Can you offer any advice please?
Can you share the training log? Is the healthy getting AP 0 all the time?
More, what is the average resolution of the training images? For example, if it is 1024x768, you can set it in the config file. It is suggested to train a model which has the similar input as the training images.
I have run training three times. Each time healthy is 0. (damage was 2.02928, I moved damage ahead of healthy in the configuration file to see if it was an alphabetical issue, as a result damage changed to 0, I read another post that mentioned ‘enable_auto_resize: True’, I tried that and damage AP rose to 24.6958).
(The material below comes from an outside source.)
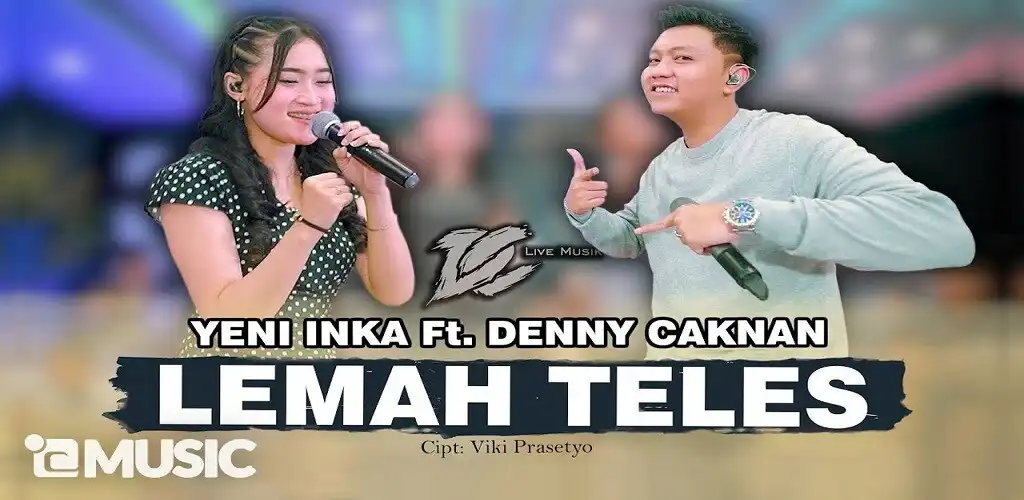 Play Lagu Yeni Inka Ft Denny Caknan  and enjoy Lagu Yeni Inka Ft Denny Caknan with UptoPlay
Straight out of the capture device the resolution is 3648 x 1417, but there are also smaller cropped images in the datasets (closely matching the quantities across both classes), down to around 500 x 500. In the configuration file under ‘augmentation_config’ I use 1248 x 384, which is close to an exact scale-down of the hi-res images, and an approximate average, with both numbers divisible by 16.
Both classes have the same number of images.
I am wondering whether part of the problem is that an image with damage in it will often show the damage against a wider background setting that is otherwise healthy.
I am hoping not to have to use semantic segmentation for what appears to be a fairly straightforward task.
This is the log that relates to the experiment. I think I misinterpreted the lines at:
2023-01-27 15:40:40,573 [INFO] root: saving trained model
2023-01-27 15:40:41,485 [INFO] root: Model saved
I then noted that 2 root errors had been found, but I am unable to fully interpret the alerts. However it seems to have been caused by the file “/usr/local/lib/python3.6/dist-packages/tensorflow_core/python/client/session.py”
On my machine I do not have a directory called “tensorflow_core” in the dist-packages directory.
I ran the evaluate cell in the hope that it would help me analyse the issue.
May I make 100% sure I understand you: do you want me to recursively remove the folder named “experiment_dir_unpruned” and then make an empty new directory named “experiment_dir_unpruned” for the training program to re-populate, and then rerun as far as “!tao detectnet_v2 train” and then check the training log?
As I mention in 3 above:
Straight out of the capture device the resolution is 3648 x 1417, but there are also smaller cropped images in the datasets (closely matching the quantities across both classes), down to around 500 x 500 or even less. In the configuration file under ‘augmentation_config’ I use 1248 x 384, which is close to an exact scale-down of the hi-res images, and an approximate average, with both numbers divisible by 16.
The size of a “healthy” bbox always matches the image size, so the average of height and width will vary from 1845.5 for the largest images, down to 350 or less for the smallest images.
A “damage” bbox will have an average in the range 800 down to around 200. Occasionally a “damage” image might fill a small frame.
I am struggling to understand how the average precision of the"healthy" class can be zero. In every healthy image the bbox should exactly match the image dimensions. To achieve an accuracy of zero the network would need to be making a prediction outside the image. That should not be possible. An average precision of 100% would seem to be much more likely.
Does the notebook allow the confidence threshold to be adjusted? Maybe it is a confidence issue?